Jorge hizo un recorrido con canciones de todos sus discos, aunque sí dio la impresión de haber seleccionado aquellas que tuvieran un tempo mas elevado y que se prestaran para hacer un concierto más dinámico. Incluso hubo canciones, como “Deseo” o “Todo se transforma” que fueron modificadas de sus versiones originales.

Foto tomada de cuenta de twitter.

Foto tomada de cuenta de twitter.

El traje del Café Iguana quedó a la medida de Jorge Drexler, casi como hecho por un sastre. El lugar lució lleno. Ocupó todo el espacio pero sin tumultos, con la libertad de poder moverte de un lado a otro sin necesidad de estar aventando o empujando a otras personas.

A la mitad del concierto Drexler se quedó solo con su guitarra y voz. Dijo que eso no estaba en el programa pero que como era la primera vez en la ciudad, había decidido mostrar esa parte más íntima a los regiomontanos. Así, aparecieron una serie de canciones que Jorge mostraba desnudas a un público que con una voz a coro acariciaba la piel de éstas.

Debo resaltar el excelente trabajo que hicieron los músicos y el ingeniero. El audio siempre gozó de un nivel de volumen que no aturdía ni molestaba, sino todo lo contrario: se disfrutaba. Los músicos dejaban hacían música dejando correr las canciones como niños por la colina, las matizaban a su antojo. Descargaban fuerza sobre su instrumento, al igual que disminuían hasta llegar a la frontera del silencio, una frontera difícil para muchos músicos.

Jorge es congruente con su música. Todo el tiempo se le veía agradecido con quienes ahí estábamos. Y nos lo hacía saber. Sonreía asombrado cada vez que la gente cantaba una canción con voz firme y él preguntaba cómo es que sabíamos todas sus canciones. Nos sentíamos cercanos a él y él a nosotros, en esto influyó también el Café Iguana, pues sin duda este escenario se presta para sentir esa cercanía entre el artista y su público.

Después de un encore, Drexler regresó para hacer un par de temas más, con los que cerraría el concierto de dos horas que se había sentido apenas como minutos.

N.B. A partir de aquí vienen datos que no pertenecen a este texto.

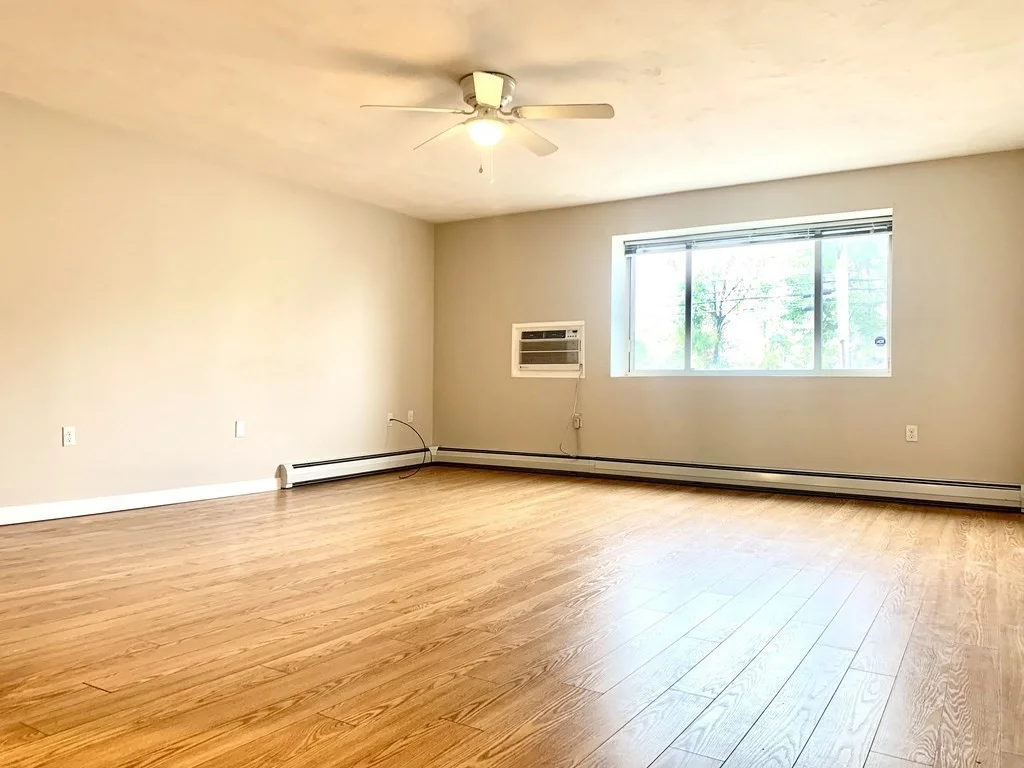 2 bed, 1 bath apartment for rent at 500 Revere Beach Blvd Unit 110, Revere — photo 3 of 25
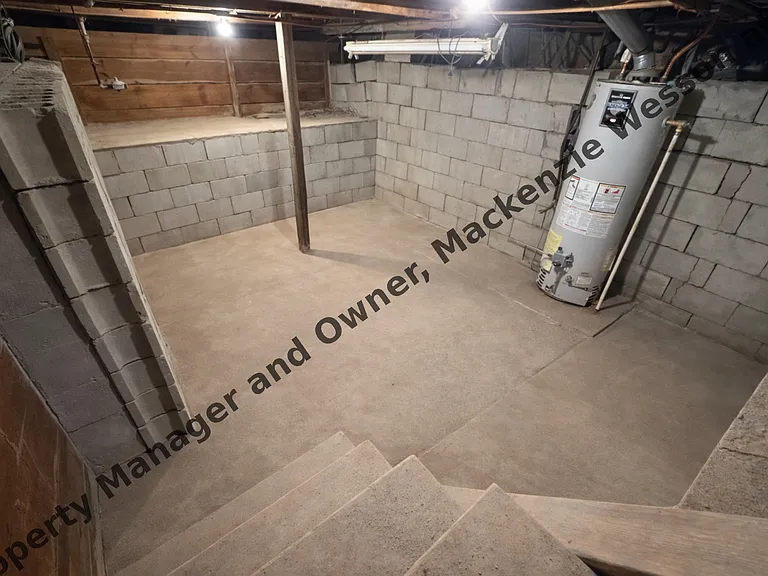 4011 S Polk St — Photo 11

Queríamos más canciones, más música, más Jorge, pero con esto estábamos contentos.

Cuando el concierto terminó y la gente comenzó a salir, se podía notar la cara de la felicidad en todos nosotros. Ese es precisamente el poder de la canción: transformar, aunque sea un momento, nuestro entorno. En ese momento todos estábamos contentos y felices por haber cantado, vivido y recordado durante el concierto cosas de nuestra propia vida; como una especie de cita con nuestro presente y nuestro pasado en la misma mesa y en la cuál hemos bien conversado.

Después tuve oportunidad de platicar con él y me di cuenta que el artista y la persona eran el mismo, ambos de una humildad que solo los grandes artistas poseen.

Esa noche del 23 de Septiembre, a muchos una canción, o muchas, nos llevó hasta ahí.